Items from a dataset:
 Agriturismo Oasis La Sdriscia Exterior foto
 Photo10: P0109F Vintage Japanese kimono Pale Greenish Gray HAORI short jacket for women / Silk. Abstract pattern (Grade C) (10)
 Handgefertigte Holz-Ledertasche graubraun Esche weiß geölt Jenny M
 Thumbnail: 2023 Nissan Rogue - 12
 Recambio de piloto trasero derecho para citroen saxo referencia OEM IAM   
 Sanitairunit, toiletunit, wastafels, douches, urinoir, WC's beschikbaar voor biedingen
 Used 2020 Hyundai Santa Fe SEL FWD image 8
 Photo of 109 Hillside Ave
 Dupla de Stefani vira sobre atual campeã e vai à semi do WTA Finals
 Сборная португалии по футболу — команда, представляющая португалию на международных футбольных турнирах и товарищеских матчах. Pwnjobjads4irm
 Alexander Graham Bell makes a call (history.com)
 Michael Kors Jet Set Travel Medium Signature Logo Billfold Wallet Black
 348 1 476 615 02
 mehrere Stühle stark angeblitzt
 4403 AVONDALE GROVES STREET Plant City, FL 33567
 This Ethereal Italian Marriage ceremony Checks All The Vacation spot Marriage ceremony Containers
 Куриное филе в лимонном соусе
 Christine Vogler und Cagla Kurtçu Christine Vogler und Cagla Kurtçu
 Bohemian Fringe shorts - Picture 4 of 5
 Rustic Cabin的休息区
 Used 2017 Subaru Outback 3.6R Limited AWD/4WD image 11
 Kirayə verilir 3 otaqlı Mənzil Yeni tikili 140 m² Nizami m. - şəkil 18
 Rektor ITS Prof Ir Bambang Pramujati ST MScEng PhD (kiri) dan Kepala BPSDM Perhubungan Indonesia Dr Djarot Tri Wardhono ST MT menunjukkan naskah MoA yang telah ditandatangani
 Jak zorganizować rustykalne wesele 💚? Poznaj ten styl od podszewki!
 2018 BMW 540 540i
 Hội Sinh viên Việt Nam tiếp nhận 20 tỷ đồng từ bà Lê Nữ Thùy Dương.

Assigned task:
Would you copy out exactly the lines above that start at the one containing "Handgefertigte Holz-Ledertasche graubraun" and end at the one containing "Куриное филе в лимонном соусе", inclusive?

Worked solution:
 Handgefertigte Holz-Ledertasche graubraun Esche weiß geölt Jenny M
 Thumbnail: 2023 Nissan Rogue - 12
 Recambio de piloto trasero derecho para citroen saxo referencia OEM IAM   
 Sanitairunit, toiletunit, wastafels, douches, urinoir, WC's beschikbaar voor biedingen
 Used 2020 Hyundai Santa Fe SEL FWD image 8
 Photo of 109 Hillside Ave
 Dupla de Stefani vira sobre atual campeã e vai à semi do WTA Finals
 Сборная португалии по футболу — команда, представляющая португалию на международных футбольных турнирах и товарищеских матчах. Pwnjobjads4irm
 Alexander Graham Bell makes a call (history.com)
 Michael Kors Jet Set Travel Medium Signature Logo Billfold Wallet Black
 348 1 476 615 02
 mehrere Stühle stark angeblitzt
 4403 AVONDALE GROVES STREET Plant City, FL 33567
 This Ethereal Italian Marriage ceremony Checks All The Vacation spot Marriage ceremony Containers
 Куриное филе в лимонном соусе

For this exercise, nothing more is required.